Was macht eine gute Ganztagsschule aus? Wie verändern sich die Lernkultur und das Miteinander, wenn die Schule zum Lebensort wird und Bildungspartner den Schulalltag mitprägen? Welche Unterstützung erfahren Schulen auf dem Weg zur guten Ganztagsschule? Das 5. Transferforum des BMBF und der DKJS gab am 16. Mai 2014 für Wissenschaftler, Praktiker, Politik und Verwaltung in der Potsdamer Staatskanzlei Gelegenheit zum Austausch.

Mit den Transferforen bietet das Programm „Ideen für mehr! Ganztägig lernen“ seit 2010 einmal im Jahr einen Rahmen für den länderübergreifenden Austausch zu Entwicklungsfragen und über gute Beispiele aus der Praxis. In diesem Jahr diskutierten unter der Überschrift „Qualitätsentwicklung – wie geht’s zur guten Ganztagsschule?“ über 200 Expertinnen und Experten aus Schulpraxis und Partnerinstitutionen, Wissenschaft und Bildungsverwaltung über Wege der Qualitätsentwicklung von Ganztagsschulen.
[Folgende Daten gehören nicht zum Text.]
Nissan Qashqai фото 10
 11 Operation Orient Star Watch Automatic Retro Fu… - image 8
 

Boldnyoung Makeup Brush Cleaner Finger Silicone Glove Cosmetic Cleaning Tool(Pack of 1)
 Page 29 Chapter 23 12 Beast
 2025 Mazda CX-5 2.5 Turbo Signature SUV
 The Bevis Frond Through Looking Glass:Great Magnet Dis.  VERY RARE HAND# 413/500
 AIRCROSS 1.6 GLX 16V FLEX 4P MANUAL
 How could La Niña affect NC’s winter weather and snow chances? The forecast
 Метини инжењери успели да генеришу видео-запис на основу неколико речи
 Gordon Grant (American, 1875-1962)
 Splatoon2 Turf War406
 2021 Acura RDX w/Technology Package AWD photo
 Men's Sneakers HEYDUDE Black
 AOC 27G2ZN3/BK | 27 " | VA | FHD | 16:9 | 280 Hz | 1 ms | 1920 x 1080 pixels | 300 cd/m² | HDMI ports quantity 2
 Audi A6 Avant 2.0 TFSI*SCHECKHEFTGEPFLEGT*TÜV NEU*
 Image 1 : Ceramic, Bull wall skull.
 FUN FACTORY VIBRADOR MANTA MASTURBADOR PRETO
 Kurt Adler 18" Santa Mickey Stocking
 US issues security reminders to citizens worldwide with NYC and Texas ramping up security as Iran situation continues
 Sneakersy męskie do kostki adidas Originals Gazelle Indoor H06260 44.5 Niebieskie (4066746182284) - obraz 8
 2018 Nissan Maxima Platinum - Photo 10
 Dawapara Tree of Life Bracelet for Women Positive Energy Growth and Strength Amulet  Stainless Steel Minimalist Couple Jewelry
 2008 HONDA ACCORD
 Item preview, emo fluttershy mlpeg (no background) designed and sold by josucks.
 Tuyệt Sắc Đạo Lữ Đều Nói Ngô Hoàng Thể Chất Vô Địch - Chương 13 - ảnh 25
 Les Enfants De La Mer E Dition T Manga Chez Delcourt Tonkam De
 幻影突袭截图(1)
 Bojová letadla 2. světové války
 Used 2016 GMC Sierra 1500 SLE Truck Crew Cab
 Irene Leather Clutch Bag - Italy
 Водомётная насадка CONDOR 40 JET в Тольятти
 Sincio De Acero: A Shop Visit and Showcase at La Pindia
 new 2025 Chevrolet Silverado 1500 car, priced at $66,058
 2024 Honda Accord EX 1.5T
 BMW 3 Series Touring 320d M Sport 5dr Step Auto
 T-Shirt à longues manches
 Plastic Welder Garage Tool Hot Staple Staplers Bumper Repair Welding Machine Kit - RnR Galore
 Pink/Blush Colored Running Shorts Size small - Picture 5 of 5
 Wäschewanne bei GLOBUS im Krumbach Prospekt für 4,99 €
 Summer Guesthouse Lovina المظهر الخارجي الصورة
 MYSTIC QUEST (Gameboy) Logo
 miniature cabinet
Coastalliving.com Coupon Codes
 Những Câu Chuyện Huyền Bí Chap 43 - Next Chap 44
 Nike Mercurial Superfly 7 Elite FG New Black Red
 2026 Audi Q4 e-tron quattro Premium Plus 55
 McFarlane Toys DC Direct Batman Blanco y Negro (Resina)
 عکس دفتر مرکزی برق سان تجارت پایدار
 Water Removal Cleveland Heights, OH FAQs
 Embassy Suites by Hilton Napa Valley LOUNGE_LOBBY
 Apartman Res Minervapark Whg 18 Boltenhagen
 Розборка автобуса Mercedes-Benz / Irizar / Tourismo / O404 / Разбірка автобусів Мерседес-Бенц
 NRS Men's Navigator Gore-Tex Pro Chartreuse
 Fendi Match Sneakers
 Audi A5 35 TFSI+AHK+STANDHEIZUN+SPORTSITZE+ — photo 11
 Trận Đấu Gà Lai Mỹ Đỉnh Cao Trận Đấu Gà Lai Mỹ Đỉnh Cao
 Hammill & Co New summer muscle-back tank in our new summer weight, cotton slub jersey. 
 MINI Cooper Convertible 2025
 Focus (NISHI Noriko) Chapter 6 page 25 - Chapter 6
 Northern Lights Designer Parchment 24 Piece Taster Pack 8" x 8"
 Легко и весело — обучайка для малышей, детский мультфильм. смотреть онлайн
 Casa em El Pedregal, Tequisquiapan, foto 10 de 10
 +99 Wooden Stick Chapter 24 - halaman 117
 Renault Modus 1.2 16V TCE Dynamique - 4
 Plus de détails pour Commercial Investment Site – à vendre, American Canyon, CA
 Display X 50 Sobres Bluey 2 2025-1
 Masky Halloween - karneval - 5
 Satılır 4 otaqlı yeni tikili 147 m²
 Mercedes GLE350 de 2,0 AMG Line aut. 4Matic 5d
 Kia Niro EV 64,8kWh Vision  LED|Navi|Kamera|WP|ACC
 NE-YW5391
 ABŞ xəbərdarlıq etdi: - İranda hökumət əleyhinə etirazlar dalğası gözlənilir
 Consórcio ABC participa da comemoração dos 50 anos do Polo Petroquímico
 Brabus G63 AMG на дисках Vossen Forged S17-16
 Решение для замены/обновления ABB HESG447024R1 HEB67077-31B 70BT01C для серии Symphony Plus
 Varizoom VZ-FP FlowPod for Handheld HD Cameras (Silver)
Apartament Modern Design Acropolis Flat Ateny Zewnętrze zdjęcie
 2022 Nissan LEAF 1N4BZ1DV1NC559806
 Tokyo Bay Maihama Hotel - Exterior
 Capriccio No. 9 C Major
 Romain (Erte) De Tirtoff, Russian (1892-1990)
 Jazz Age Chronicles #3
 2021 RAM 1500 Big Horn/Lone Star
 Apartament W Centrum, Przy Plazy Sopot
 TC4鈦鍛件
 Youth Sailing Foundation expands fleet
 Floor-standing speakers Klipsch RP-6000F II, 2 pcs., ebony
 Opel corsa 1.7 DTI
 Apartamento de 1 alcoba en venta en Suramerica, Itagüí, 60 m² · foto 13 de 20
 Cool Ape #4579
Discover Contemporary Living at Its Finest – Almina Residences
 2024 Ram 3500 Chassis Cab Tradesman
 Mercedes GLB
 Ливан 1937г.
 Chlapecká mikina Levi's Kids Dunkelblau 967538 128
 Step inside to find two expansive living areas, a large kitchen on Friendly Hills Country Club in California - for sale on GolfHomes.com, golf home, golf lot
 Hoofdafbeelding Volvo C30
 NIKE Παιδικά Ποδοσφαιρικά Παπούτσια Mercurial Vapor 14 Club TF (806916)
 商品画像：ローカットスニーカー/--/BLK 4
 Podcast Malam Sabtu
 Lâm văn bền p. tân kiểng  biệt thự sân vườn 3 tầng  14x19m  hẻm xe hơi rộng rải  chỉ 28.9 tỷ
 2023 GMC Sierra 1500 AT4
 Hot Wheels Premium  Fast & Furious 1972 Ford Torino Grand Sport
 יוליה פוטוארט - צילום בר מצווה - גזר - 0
Martina Münch, die Ministerin für Bildung, Jugend und Sport in Brandenburg
Dr. Martina Münch, Ministerin für Bildung, Jugend und Sport in Brandenburg © Ganztägig lernen

„Zusammen mit den jährlichen Ganztagsschulkongressen in Berlin und den 16 Serviceagenturen bilden die Transferveranstaltungen den Kern des Ganztagsschulprogramms und sind Teil der Transferstrategie des BMBF zur Ganztagsschulforschung“, erklärte Daniela Ehlbeck, Referentin im Referat „Frühe und allgemeine Bildung“ des BMBF, zur Begrüßung der Teilnehmer in der Staatskanzlei. „Die Qualität von Ganztagsschulen beschäftigt uns nicht erst seit heute, sondern die ganze Zeit . Das Ganztagsschulportal bietet ebenso wie das Online-Portal des Programms „Ganztägig lernen“ zahlreiche gute Beispiele und Materialien. Auch die vom BMBF geförderte Studie zur Entwicklung von Ganztagsschulen (StEG) befasst sich seit 2012 vertieft mit der Frage der Wirkung und Qualität von Ganztagsangeboten“. Ab Sommer 2014 starte die Qualitätsoffensive Lehrerbildung. 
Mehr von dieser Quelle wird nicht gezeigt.